# has anyone done this to their moss?



## uponajar (May 10, 2012)

i just bought java moss from an aquarium store. the moss was in the water with a fish, i dont know what kind if thats important, but i asked if he knew if the water was clean. the guy pointed out a couple of snails in the water so i did research around here and found out some people have cleaned java moss in 10% bleach/water solution. i also read about people CO2 bombing their moss. another was cleaning them with hydrogen peroxide. 

this other post said that the snails would die in the vivarium because they lived in water, not outside in humid areas, is that true?

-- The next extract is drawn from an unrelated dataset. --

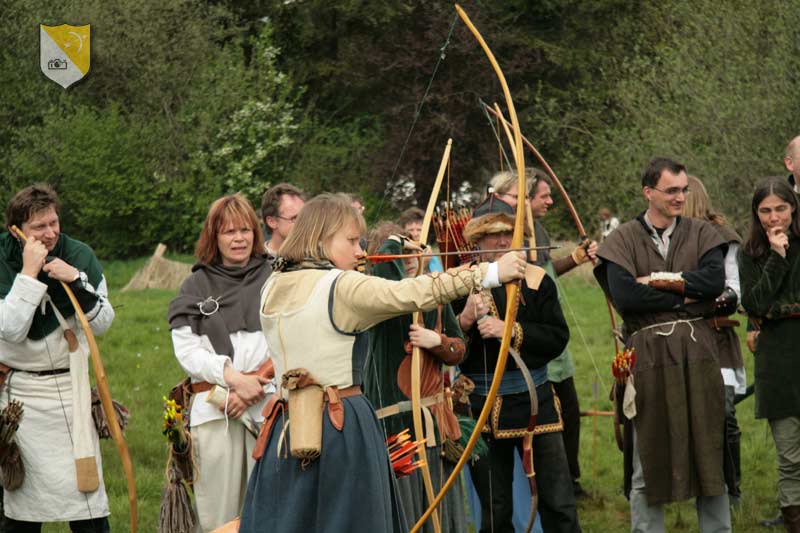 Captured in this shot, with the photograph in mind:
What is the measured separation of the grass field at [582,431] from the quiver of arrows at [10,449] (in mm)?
1110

have any of you used any of these methods for moss? or what would you recommend to do?


----------



## gardennub (Dec 10, 2011)

Ive used the bleach method for moss, and I think most on here would recommend it. It takes a little while for the moss to recover afterwards, but it is worth it for a clean tank.


----------



## crested (May 15, 2011)

I find best method is soak it real good in water for 15-20min, then yes, 10%bleach solution. Miss seems to hold the bleach more than other plants so I usually soak again a few times/cycles in clean water.


----------



## Nate Mcfin (Sep 22, 2010)

The bleach solution normally used in aquatic plants is a `19-1 mixture. The plant is submerged for several minutes and then rinsed well to get rid of the bleach. HOWEVER, mosses do not tolerate the bleaching as well as other plants do and may not make it through the process. 
 Another method is using potassium permanganate. A quick google will find the instructions. again the moss may not tolerate the PP dip either.


----------



## uponajar (May 10, 2012)

thanks guys, i did a bleach clean yesterday but i only had it in the solution for a little less than a minute while stirring it and rubbing it against my fingers,
should i do it again for a bit longer?


----------